I'm an ex-atheist. I was brought up in a family of atheists and for most of my life considered myself to be one. I had a bit of a churchy thing as a teenager - it was a way of rebelling against my atheist family - but for decades was reflexively atheist. Many of the things I read atheist posters on here saying are things I used to think.
Then, gradually, I began to change. There were some external contributory factors. For the first time in my life, I knew some Christians. They didn't try to convert me - not at all, I can't remember any significant conversations with them about faith at this stage. But the way they lived their life really made an impression on me. Not because they were holier than thou, but because their lives had an integrity, and despite their often incredibly difficult lives (I can't go into this, but really awful things) they were people it did you good to be with. So that was one thing. Then I had difficulties with one of my children that I didn't know how I could cope with. I wasn't the practical side, it was my own feelings of despair and hopelessness - feelings that I couldn't land on friends because there is only so much weight that friendship will bear. I found myself praying in my hardest times because there was nothing else I could do. And finally I had a conversation with DH (who was, and remains an atheist/agnostic), who said something like 'it must be extraordinary to take that leap into belief' - and that gave me permission to admit to myself that almost without realising it I had gone from not believing to believing in God.
It took ages and ages before I did anything about this.

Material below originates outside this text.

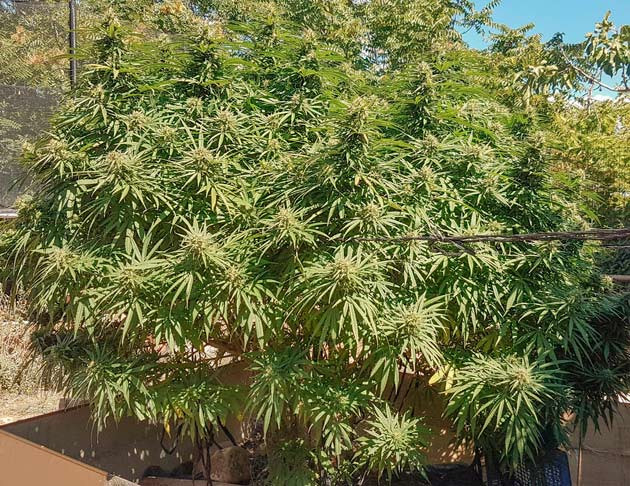 Покрытие янтарными трихомами Куст Runtz Muffin на 28-29 неделе выращивания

I had months where I did a kind of internal shudder of 'I can't have joined those weird, weedy, grinny religious types, those uncool religious people' (to be honest, I still have those internal shudders!). I couldn't tell anyone about it. But I couldn't stop either - God was there even though I didn't want him to be. And I kept on praying, often just saying the Lord's Prayer in times of difficulty.
Finally I gave up and went to church. Urgh Yuck! It was so horrible and I felt so out of place and awkward. But somehow it felt right as well. A few weeks later I went back. And back again. I started to read. The first thing I read was Karen Armstrong's book about the Bible. A few books later I came across Rowan Williams's Tokens of Trust. Reading this was the moment for me when everything changed, and I knew that I'd crossed over from being an atheist who was secretly dipping a toe in the God-water to someone who wanted to go into the river and come out again the other side into a new way of living. I asked the vicar if I could get baptised, and there I was ... a Christian.
I still find it bizarre sometimes. Sometimes I still think, oh, how did I get here? Will the old Niminy come back again? But actually most of the time I have a powerful sense that yes, this is who I am meant to be, and how I am meant to live.